[Problem description]
Spot each line in the data below containing "High" and copy it.

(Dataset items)
────────
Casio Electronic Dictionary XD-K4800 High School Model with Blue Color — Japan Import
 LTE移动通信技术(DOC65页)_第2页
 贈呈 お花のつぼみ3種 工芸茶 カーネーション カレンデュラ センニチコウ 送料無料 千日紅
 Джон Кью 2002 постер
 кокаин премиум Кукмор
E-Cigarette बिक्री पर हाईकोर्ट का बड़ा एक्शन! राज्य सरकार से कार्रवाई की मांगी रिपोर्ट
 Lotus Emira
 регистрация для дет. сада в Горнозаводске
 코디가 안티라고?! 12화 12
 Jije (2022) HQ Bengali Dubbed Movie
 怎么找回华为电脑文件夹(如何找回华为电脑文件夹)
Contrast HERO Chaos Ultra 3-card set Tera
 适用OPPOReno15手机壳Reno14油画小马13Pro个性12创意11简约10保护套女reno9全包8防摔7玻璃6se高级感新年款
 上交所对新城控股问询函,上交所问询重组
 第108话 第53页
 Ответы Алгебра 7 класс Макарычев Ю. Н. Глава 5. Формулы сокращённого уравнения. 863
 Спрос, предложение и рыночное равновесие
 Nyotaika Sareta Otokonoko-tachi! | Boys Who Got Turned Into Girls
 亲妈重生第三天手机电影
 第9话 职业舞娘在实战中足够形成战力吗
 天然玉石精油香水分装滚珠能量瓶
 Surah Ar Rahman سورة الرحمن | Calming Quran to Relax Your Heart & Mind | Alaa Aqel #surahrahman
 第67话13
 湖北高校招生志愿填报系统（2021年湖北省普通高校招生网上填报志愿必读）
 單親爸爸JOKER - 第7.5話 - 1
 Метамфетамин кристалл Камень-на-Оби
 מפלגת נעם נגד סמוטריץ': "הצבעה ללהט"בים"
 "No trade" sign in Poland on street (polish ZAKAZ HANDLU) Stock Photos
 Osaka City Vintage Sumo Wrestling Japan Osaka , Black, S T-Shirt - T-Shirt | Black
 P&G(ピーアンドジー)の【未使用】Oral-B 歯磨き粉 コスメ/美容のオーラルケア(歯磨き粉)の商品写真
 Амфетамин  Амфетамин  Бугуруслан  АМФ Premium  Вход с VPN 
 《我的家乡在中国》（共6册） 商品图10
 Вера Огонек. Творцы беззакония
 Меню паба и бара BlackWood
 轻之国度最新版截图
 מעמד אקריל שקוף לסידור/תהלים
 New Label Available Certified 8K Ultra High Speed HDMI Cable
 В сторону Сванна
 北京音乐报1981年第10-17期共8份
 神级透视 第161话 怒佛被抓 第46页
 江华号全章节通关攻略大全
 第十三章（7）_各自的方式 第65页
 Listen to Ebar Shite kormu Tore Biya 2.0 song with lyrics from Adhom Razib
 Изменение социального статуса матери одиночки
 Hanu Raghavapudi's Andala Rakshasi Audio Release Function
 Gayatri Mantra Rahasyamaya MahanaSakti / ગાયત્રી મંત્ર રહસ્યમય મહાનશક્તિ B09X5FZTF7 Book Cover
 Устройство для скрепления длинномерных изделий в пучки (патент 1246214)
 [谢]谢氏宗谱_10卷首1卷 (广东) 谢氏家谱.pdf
────────
[Response to this exercise]
Casio Electronic Dictionary XD-K4800 High School Model with Blue Color — Japan Import
 New Label Available Certified 8K Ultra High Speed HDMI Cable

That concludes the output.